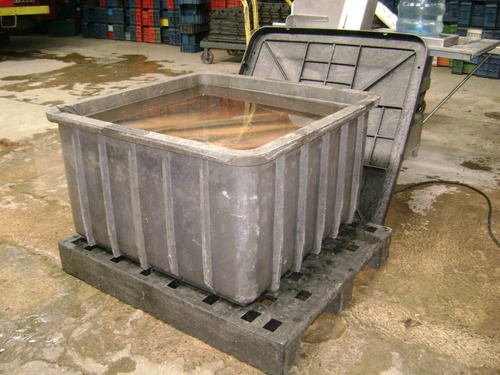 Imagen 5 de 5 de Tanques Plásticos 600 Kg Cajas Para Quesos Cavas Cuarto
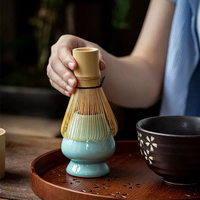 Fouet à matcha fabriqué en Chine, en bambou violet foncé, Chasen artisanal pour la cérémonie du thé matcha, mini fouet en bambou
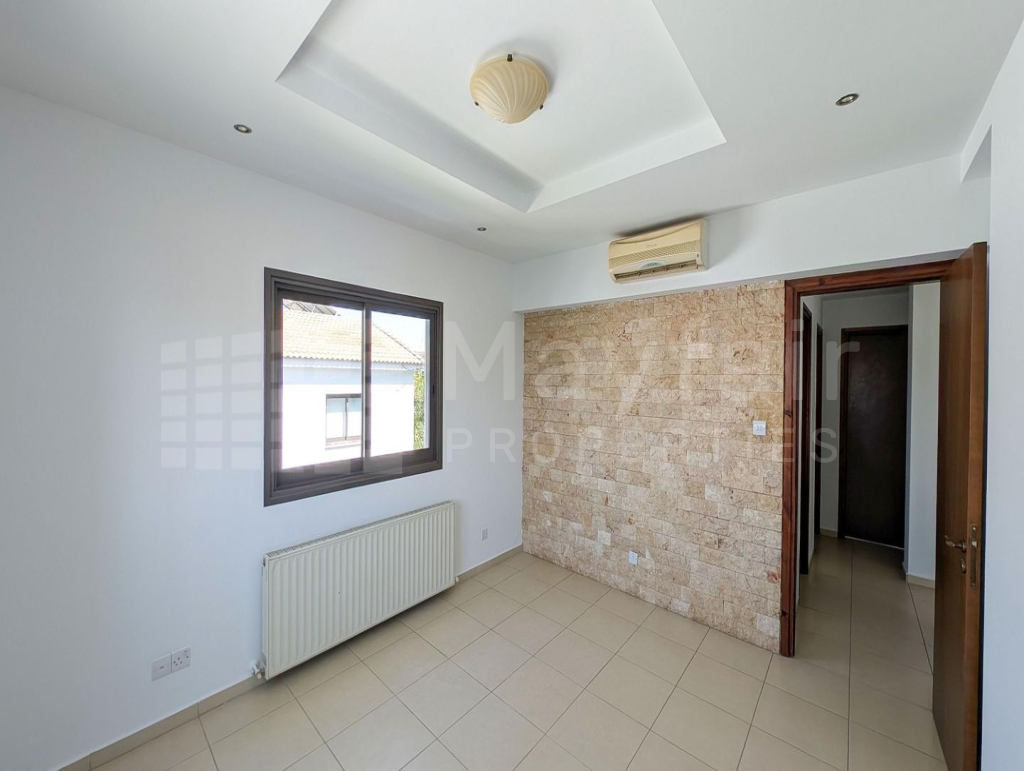 Three-Bedroom semi-detached house in Pera Chorio, Nicosia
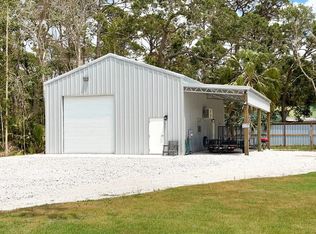 212 2nd St NW, Steinhatchee, FL 32359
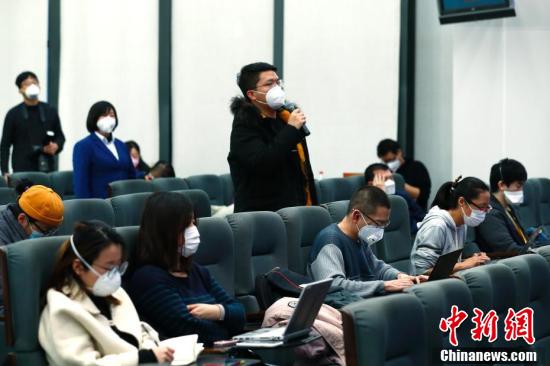 新闻发布会摘口罩,重塑公众形象与沟通的新起点,新闻发布会摘口罩,重塑公众形象,开启沟通新纪元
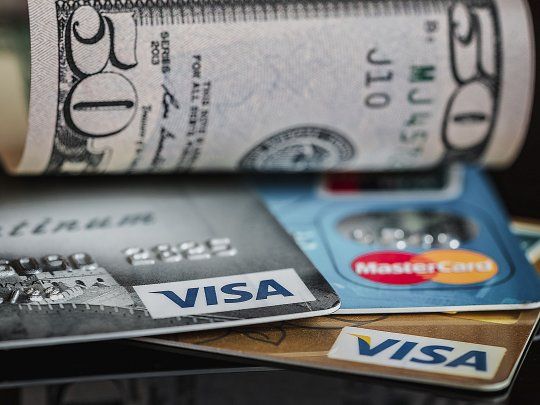 Cómo conviene pagar mis gastos en dólares en el exterior: billete o tarjeta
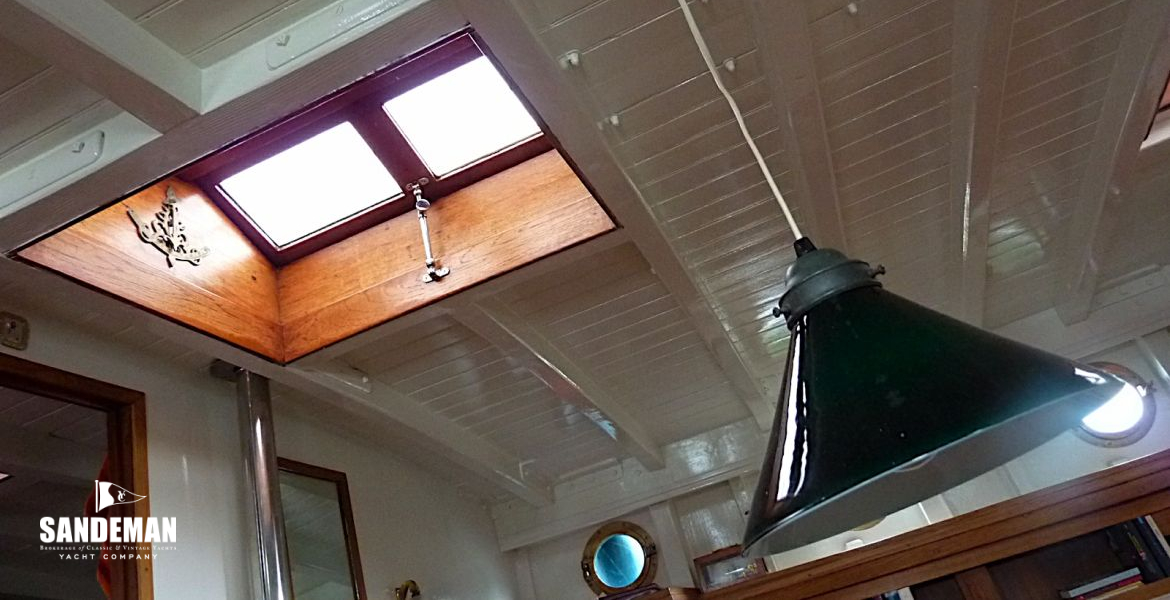 Saloon deckhead details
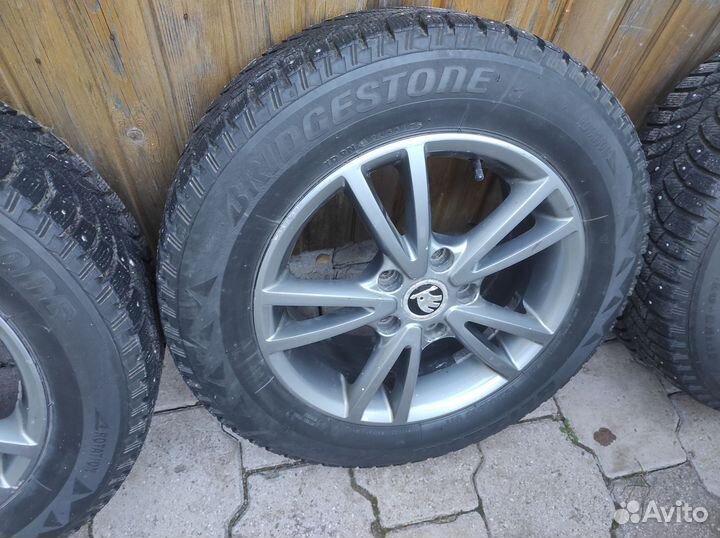 Bridgestone Blizzak Spike-01 195/65 R15 T
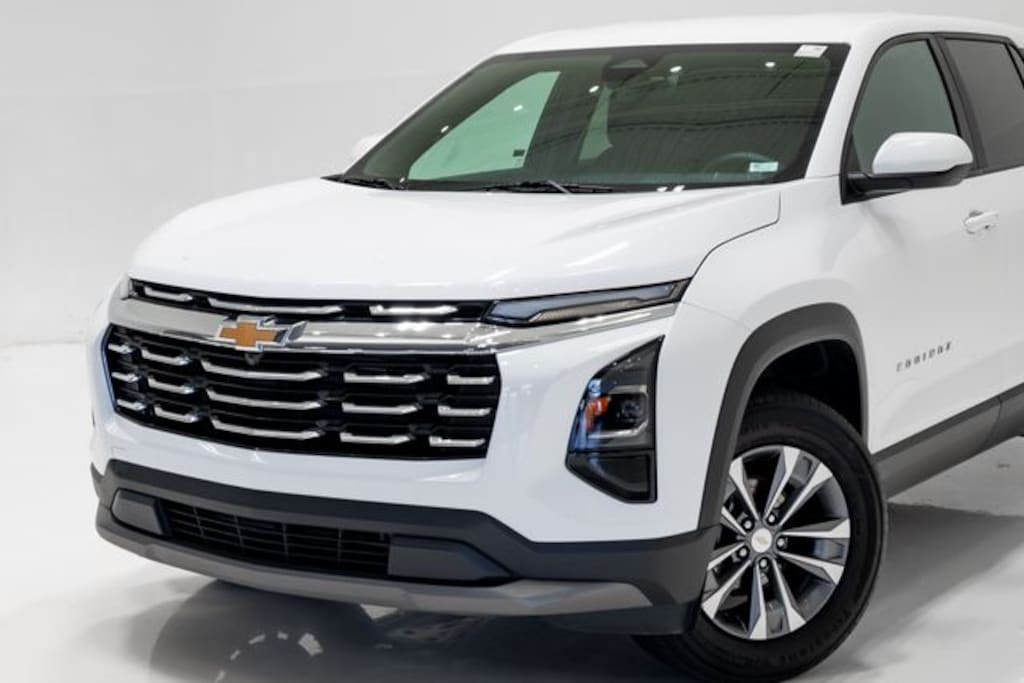 Used 2025 Chevrolet Equinox LT SUV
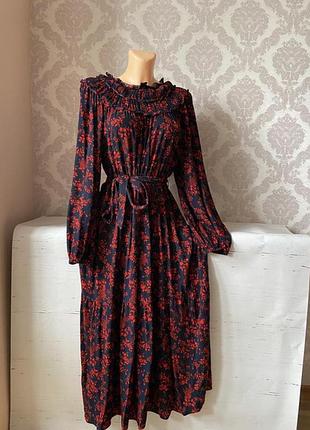 Красивое приталенное платье marks spenser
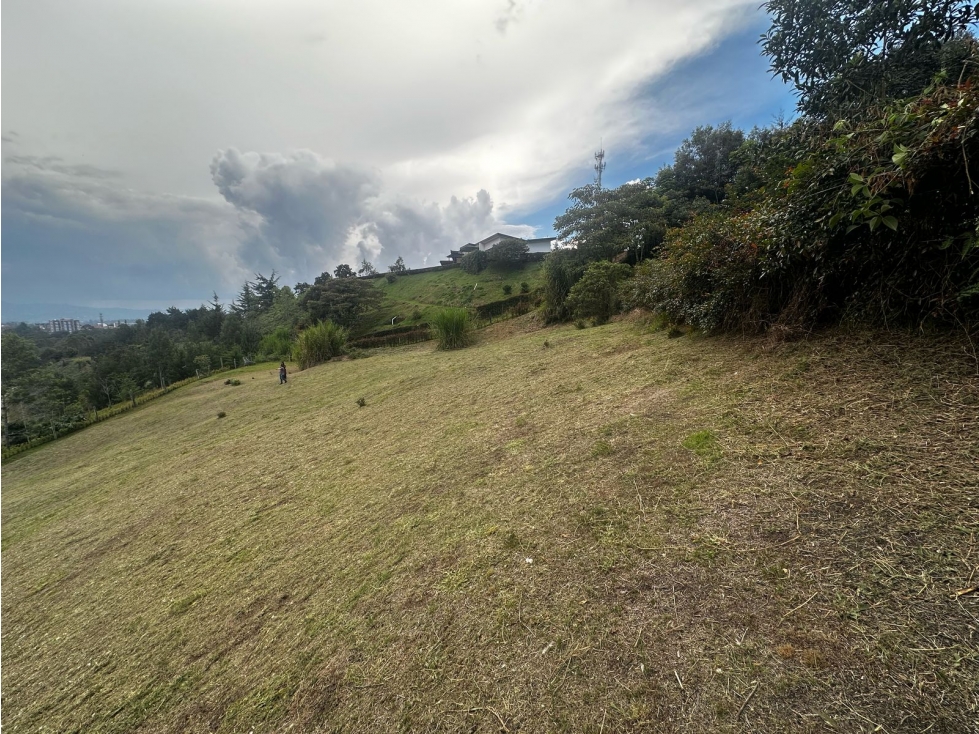 ENCANTADOR LOTE EN VENTA CERCA A SAN ANTONIO DE PEREIRA — foto 3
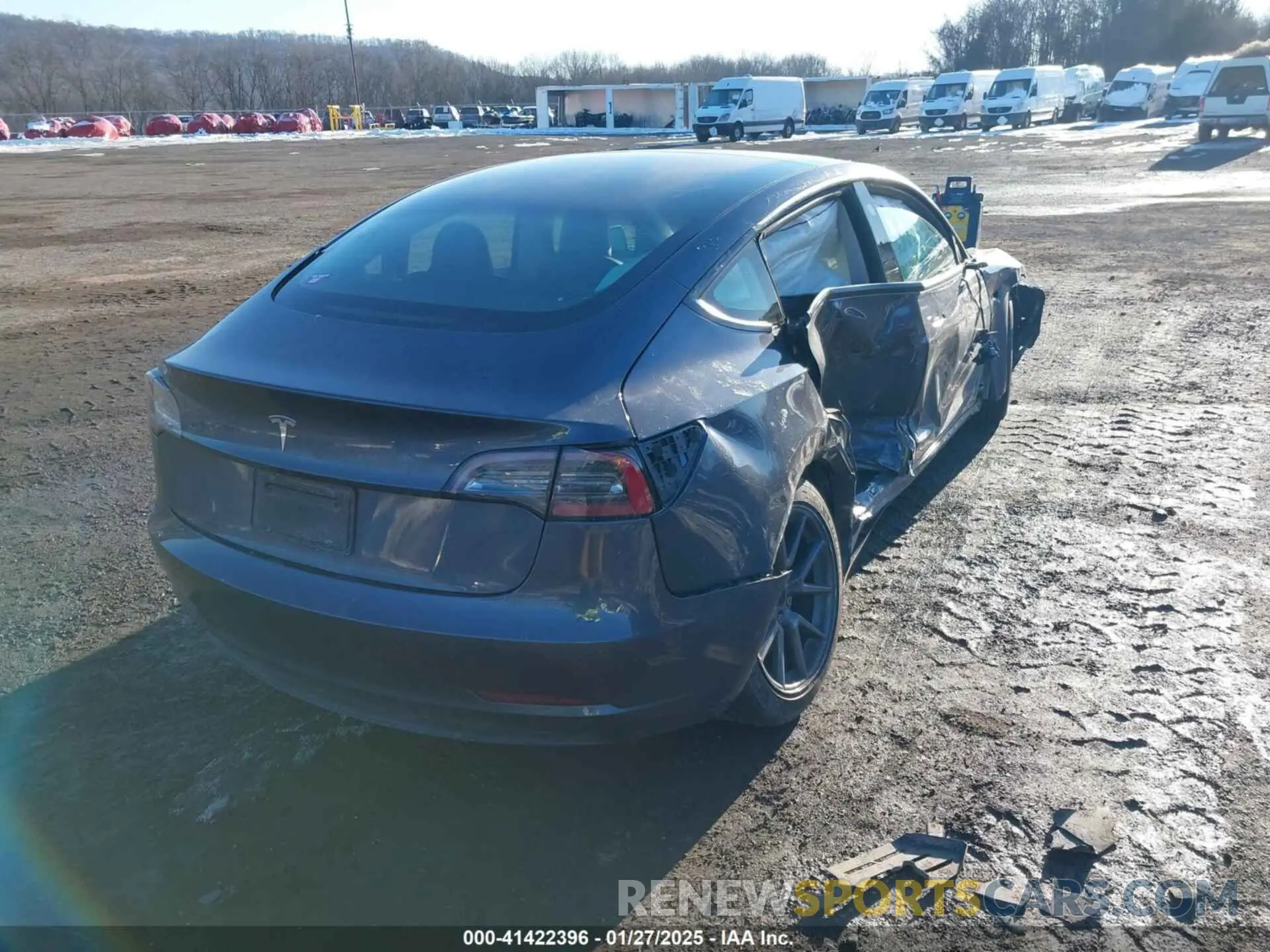4 Photograph of a damaged car 5YJ3E1EA7PF509567 TESLA MODEL 3 2023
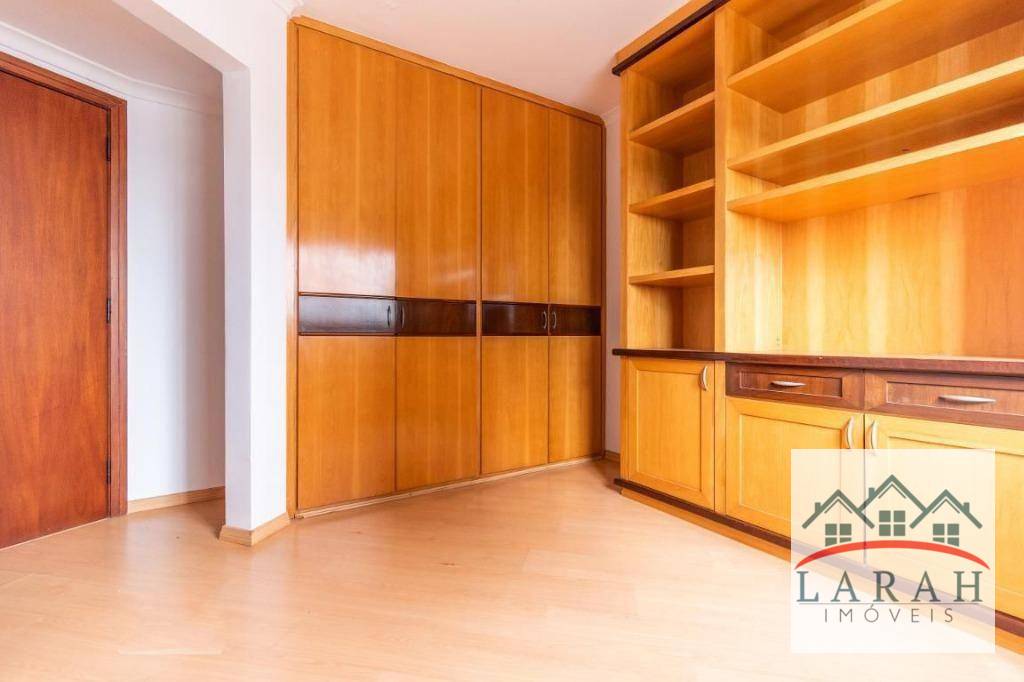 Apartamento para alugar com 4 quartos, 342m² - Foto 30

Task item:
Any picture in the material is to be left out, and everything else is to be retyped as is.

Result for this task:
 Imagen 5 de 5 de Tanques Plásticos 600 Kg Cajas Para Quesos Cavas Cuarto
 Fouet à matcha fabriqué en Chine, en bambou violet foncé, Chasen artisanal pour la cérémonie du thé matcha, mini fouet en bambou
 Three-Bedroom semi-detached house in Pera Chorio, Nicosia
 212 2nd St NW, Steinhatchee, FL 32359
 新闻发布会摘口罩,重塑公众形象与沟通的新起点,新闻发布会摘口罩,重塑公众形象,开启沟通新纪元
 Cómo conviene pagar mis gastos en dólares en el exterior: billete o tarjeta
 Saloon deckhead details
 Bridgestone Blizzak Spike-01 195/65 R15 T
 Used 2025 Chevrolet Equinox LT SUV
 Красивое приталенное платье marks spenser
 ENCANTADOR LOTE EN VENTA CERCA A SAN ANTONIO DE PEREIRA — foto 3
4 Photograph of a damaged car 5YJ3E1EA7PF509567 TESLA MODEL 3 2023
 Apartamento para alugar com 4 quartos, 342m² - Foto 30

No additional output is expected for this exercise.